So they're bending through this opening. Or they could be bending around the bend as well.

So let's say you're listening to music and you're right over here, that sound wave is

actually going to bend around so you can hear it. Now which waves are you going to hear

bend more easily? Well the high frequency waves, the high pitches will actually move

right through. But the low frequency will actually bend more quickly. And so that's

why when you hear a car coming by and they're listening to really loud music you'll hear

that boom, boom, boom, boom, boom. You hear that low frequency sound because it's diffracted

more readily to get out of the car. But the high pitches or the higher frequency noises,

they don't get diffracted as much. So you don't hear them. Last thing I want to show

you is you can solve simple problems. And so let's say this is a real world example.

Let's say we have a tsunami which is a giant wave in the ocean created by an earthquake.

Let's say it has a wavelength of 210,000 meters. So that's 210 kilometers between waves. That's

a huge wave length. And let's say it has a frequency of 0.00067 hertz. That would be

like 1 wave coming every 25 minutes. Now calculate the speed of the wave. Well how would you

do that? Well we remember our equation, v which is wave speed equals frequency times

wave length. We have to look at our units so we know frequency and it's in hertz and

so we're fine. We know wavelength and that's going to be in meters. And so we're fine.
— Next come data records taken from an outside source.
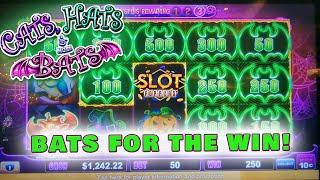 Cats, Hats & More Bats SLOT BONUS HITS!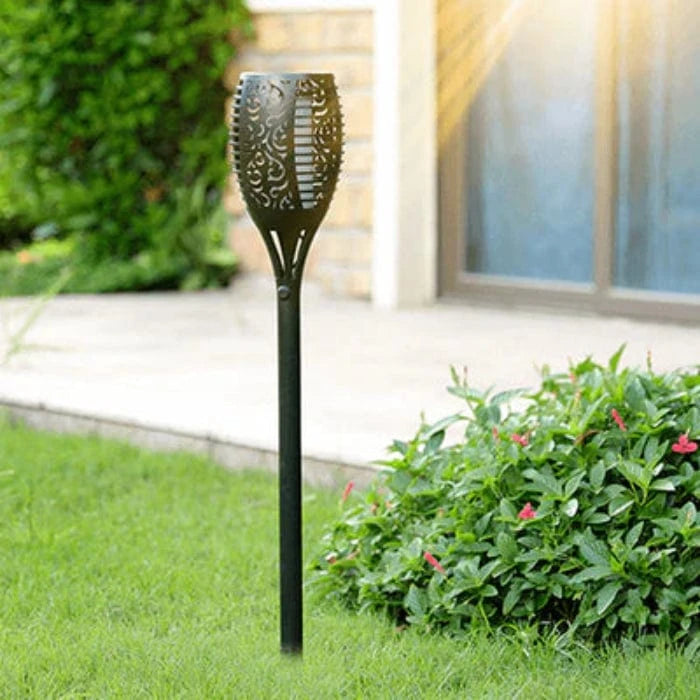 LumaFlame™ solar fakkellampen met realistisch vlameffect – productafbeelding 3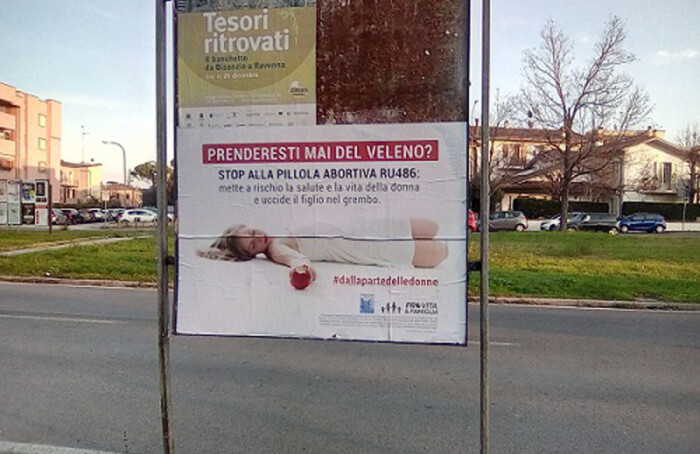 Ravenna 03 pillola abortiva manifesti pro vita
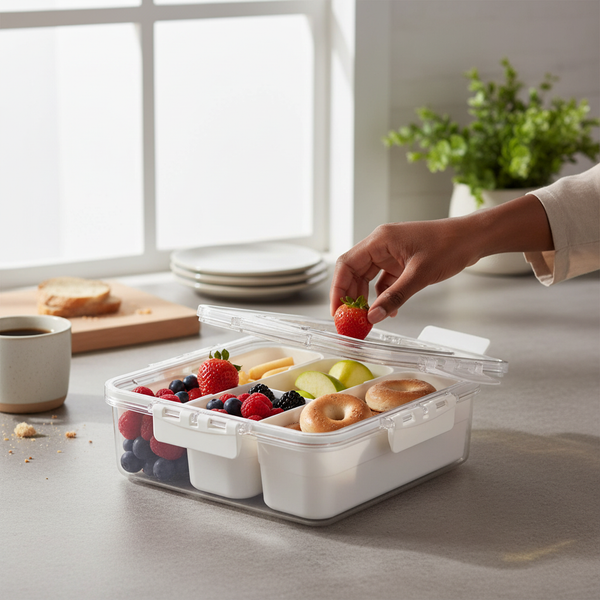 Multi-Compartment Fresh-Store Organizer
So to figure out that the wave's speed, we simply multiply the frequency times the wavelength

to figure out the wave speed. And I did this earlier. When you take 210,000 times 0.00067

what you get is 140, if we do significant digits right. Because both of those have 2

significant digits. 140 meters per second. Now most of us don't understand what meters

per second are. So we can roughly take that times 2.2. And so a tsunami that has that

large of wavelength and that small of frequency is going to move at about 310 miles per hour.

And so these things move really really quickly. And that's why it's important that we know

and get to higher ground when we hear the tsunami warnings going. And so that's waves.

And I hope that's helpful.